C’est cette logique que nous assène la HAS (la Haute autorité sanitaire) quand elle exhorte ou conforte le gouvernement à pratiquer le dépistage précoce des psychopathies, des inadaptations, et maintenant des problématiques psychosociales. (...)

La seconde confusion porte sur le concept d’éducation lui-même ; n’en déplaise aux maniaques des droits et des devoirs, éduquer c’est avant tout donner et ne pas exiger. En éducation le lien précède la loi et lui donne du sens. Il faut avant tout donner à l’enfant le respect de ses rythmes, une reconnaissance de lui-même avec ses différences, un accueil inconditionnel… C’est ce don initial qui donnera du sens à la loi, aux limites, aux règles. Celui qui n’a pas reçu de don initial ne peut pas donner en retour. Nul ne peut donner ce qu’il n’a pas reçu. Et là encore, on voit la parfaite contradiction de cette exigence éducative, de cette inconditionnalité de la reconnaissance personnelle et de l’accueil de chacun… avec toute volonté de repérage, détection et de tri. (...)

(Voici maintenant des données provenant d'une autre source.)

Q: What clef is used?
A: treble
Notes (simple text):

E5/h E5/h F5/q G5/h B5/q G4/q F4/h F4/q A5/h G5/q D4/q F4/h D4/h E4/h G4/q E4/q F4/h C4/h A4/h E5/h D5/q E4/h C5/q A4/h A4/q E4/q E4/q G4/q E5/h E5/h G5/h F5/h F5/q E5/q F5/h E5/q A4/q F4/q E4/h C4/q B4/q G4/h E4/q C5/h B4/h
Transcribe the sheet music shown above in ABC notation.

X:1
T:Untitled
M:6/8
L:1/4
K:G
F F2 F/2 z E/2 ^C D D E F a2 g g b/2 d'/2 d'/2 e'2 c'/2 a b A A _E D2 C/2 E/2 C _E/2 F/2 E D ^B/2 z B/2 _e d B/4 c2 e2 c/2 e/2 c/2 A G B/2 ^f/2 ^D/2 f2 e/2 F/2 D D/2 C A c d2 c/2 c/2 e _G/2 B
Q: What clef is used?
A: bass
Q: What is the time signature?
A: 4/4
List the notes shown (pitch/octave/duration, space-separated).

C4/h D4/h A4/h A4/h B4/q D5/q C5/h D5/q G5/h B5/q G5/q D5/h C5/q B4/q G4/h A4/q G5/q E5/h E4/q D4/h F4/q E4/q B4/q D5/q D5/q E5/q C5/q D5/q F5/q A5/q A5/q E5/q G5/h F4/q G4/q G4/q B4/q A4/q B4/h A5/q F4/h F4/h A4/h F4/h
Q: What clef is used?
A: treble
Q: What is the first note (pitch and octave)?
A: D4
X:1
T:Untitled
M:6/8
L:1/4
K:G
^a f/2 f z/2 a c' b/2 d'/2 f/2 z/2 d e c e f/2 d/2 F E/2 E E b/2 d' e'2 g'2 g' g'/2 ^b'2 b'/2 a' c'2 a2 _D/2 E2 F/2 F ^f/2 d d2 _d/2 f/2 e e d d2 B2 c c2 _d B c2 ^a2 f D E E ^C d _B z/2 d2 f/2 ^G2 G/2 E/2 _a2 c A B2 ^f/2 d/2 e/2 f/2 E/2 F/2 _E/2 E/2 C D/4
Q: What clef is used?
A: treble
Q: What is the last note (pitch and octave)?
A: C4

Oui nous savons comment les enfants peuvent grandir plutôt bien au sien d’une école ouverte, respectueuse, inventive et créative. Oui nous savons comment nous pouvons rendre les enfants plus forts et capables de signaler, d’éviter et de réagir face aux violences qu’ils peuvent subir. Oui nous savons comment les enfants peuvent apprendre la socialité, la vie de groupe et l’autonomie. La question est de savoir si ce travail éducatif peut encore avoir lieu dans une école qui chaque jour, abandonne davantage l’éducation contre l’invasion des activités d’évaluation, de repérage et de contrôle social.